Only those lines in the data below from the line containing "Communal swimming pool" through the line containing "Casa Monella Mono", both included, should be restated word for word.

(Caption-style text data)
___
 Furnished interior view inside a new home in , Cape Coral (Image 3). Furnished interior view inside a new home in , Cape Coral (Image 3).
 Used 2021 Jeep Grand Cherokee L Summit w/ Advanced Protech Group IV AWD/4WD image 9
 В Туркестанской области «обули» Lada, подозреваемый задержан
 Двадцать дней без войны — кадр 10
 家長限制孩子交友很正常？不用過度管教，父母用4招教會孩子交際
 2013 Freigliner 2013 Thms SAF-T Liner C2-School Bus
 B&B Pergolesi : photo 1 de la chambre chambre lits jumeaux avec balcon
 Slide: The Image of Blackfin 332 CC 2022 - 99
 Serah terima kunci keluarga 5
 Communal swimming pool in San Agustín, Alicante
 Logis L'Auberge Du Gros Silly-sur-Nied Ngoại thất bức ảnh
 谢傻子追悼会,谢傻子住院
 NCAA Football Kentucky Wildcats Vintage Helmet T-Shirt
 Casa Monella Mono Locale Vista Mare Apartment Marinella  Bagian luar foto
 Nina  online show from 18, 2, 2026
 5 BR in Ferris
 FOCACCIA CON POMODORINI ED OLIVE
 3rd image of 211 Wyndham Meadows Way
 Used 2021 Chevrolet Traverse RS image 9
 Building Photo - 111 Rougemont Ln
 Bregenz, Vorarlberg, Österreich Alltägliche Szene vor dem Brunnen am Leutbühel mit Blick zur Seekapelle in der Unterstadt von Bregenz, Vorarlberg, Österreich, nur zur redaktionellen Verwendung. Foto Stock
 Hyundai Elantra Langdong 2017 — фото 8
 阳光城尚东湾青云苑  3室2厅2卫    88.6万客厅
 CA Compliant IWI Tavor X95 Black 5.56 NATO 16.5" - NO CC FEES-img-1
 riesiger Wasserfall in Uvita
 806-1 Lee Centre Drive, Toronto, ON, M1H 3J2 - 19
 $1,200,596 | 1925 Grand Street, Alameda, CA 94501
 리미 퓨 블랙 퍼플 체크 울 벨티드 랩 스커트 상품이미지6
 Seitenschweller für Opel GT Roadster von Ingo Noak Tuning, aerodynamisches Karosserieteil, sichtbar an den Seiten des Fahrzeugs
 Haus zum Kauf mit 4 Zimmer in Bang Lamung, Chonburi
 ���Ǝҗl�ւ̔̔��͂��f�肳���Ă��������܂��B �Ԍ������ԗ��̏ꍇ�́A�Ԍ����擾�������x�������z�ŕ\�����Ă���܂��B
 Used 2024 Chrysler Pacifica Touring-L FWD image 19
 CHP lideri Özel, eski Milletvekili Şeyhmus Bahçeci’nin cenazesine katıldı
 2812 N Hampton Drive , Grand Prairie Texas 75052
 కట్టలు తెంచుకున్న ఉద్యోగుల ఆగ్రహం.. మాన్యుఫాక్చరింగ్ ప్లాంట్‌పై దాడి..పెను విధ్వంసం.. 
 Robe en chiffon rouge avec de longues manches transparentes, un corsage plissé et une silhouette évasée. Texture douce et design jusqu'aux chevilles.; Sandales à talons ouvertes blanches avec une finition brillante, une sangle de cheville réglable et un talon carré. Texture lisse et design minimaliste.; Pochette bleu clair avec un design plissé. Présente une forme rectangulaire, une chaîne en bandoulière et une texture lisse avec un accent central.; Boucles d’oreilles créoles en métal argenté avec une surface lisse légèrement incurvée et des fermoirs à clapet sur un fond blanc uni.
___
__Solved exercise__:
 Communal swimming pool in San Agustín, Alicante
 Logis L'Auberge Du Gros Silly-sur-Nied Ngoại thất bức ảnh
 谢傻子追悼会,谢傻子住院
 NCAA Football Kentucky Wildcats Vintage Helmet T-Shirt
 Casa Monella Mono Locale Vista Mare Apartment Marinella  Bagian luar foto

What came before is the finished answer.